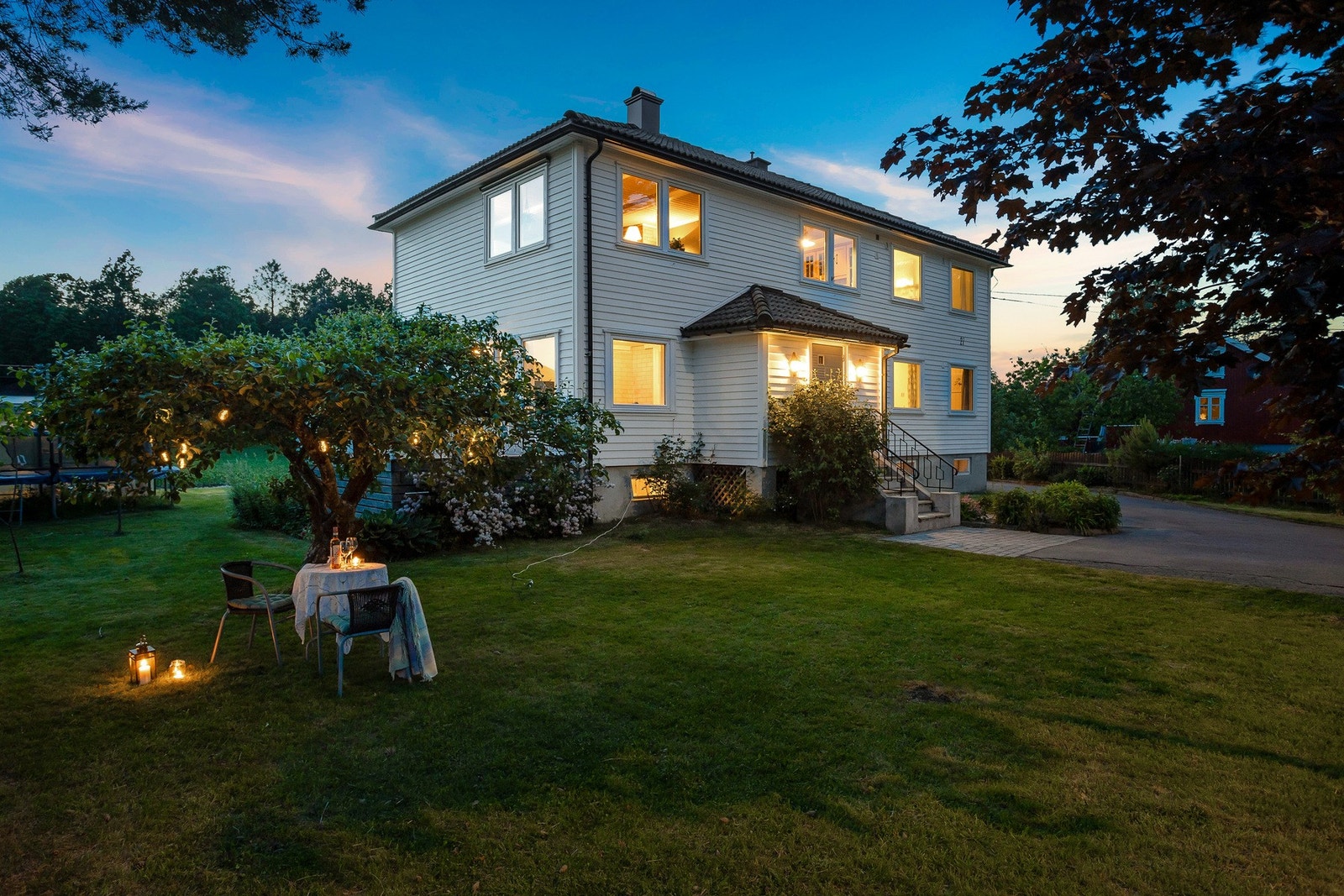 Eie Eiendomsmegling ved Tonny Nielsen ønsker velkommen til en innholdsrik tomannsbolig på flott tomt. Foto: Bjørn Kjærra Galleribilde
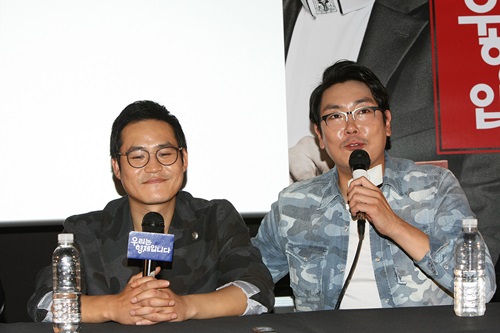 영화 우리는 형제입니다는 김성균(왼쪽)조진웅의 연기색이 두드러지는 영화다./쇼박스 미디어플렉스 제공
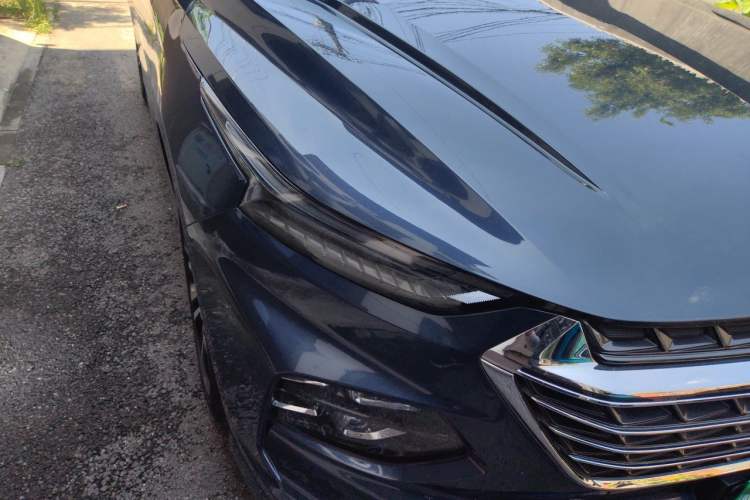 Used Wuling Victory 2020 1.5T CVT Flagship Edition Right Front Headlight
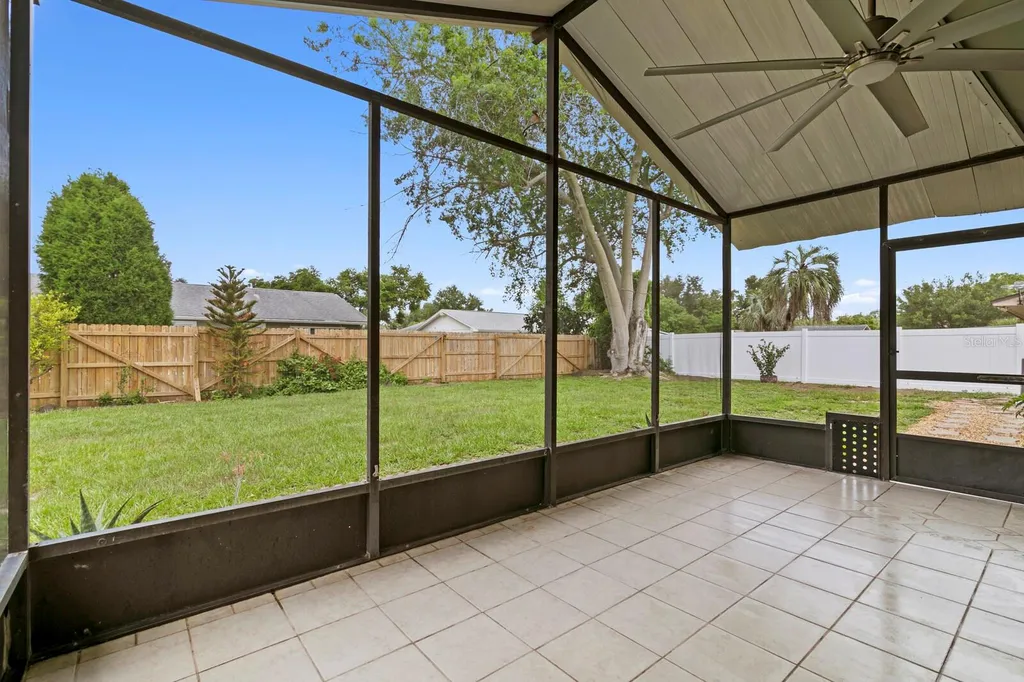 1804 Green Lawn Street Brandon FL 33511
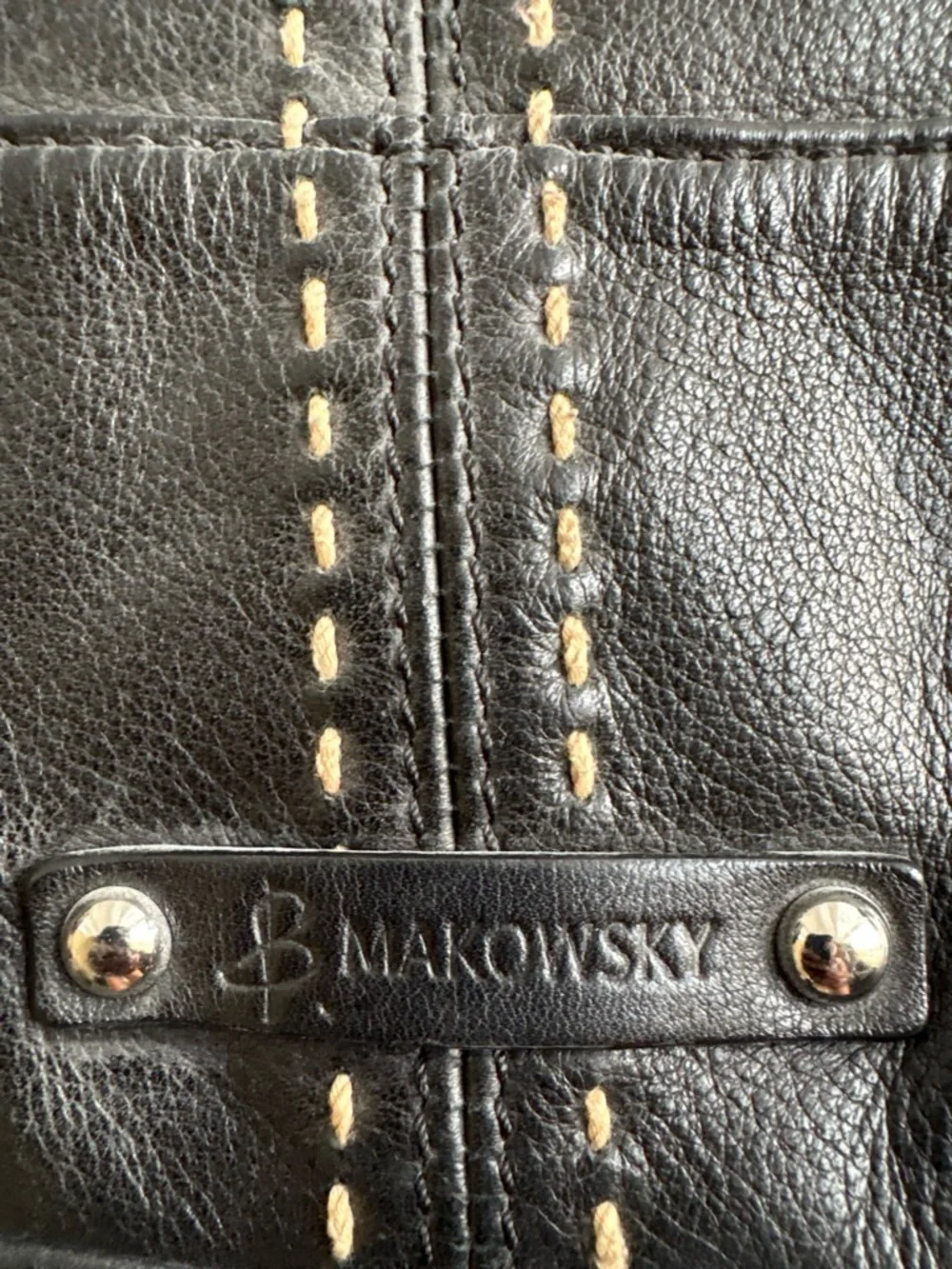 B Makowsky Shoulder Bag Black Leather Whipstitch Slouchy Hobo Medium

☆ ☆ ☆ ☆ ☆

● PROBLEM DESCRIPTION
Please output exactly the lines from the line containing "1804 Green Lawn Street Brandon FL 33511" through the last line of the records above, both included, and leave out any pictures.

● RESPONSE TO THIS EXERCISE
 1804 Green Lawn Street Brandon FL 33511
 B Makowsky Shoulder Bag Black Leather Whipstitch Slouchy Hobo Medium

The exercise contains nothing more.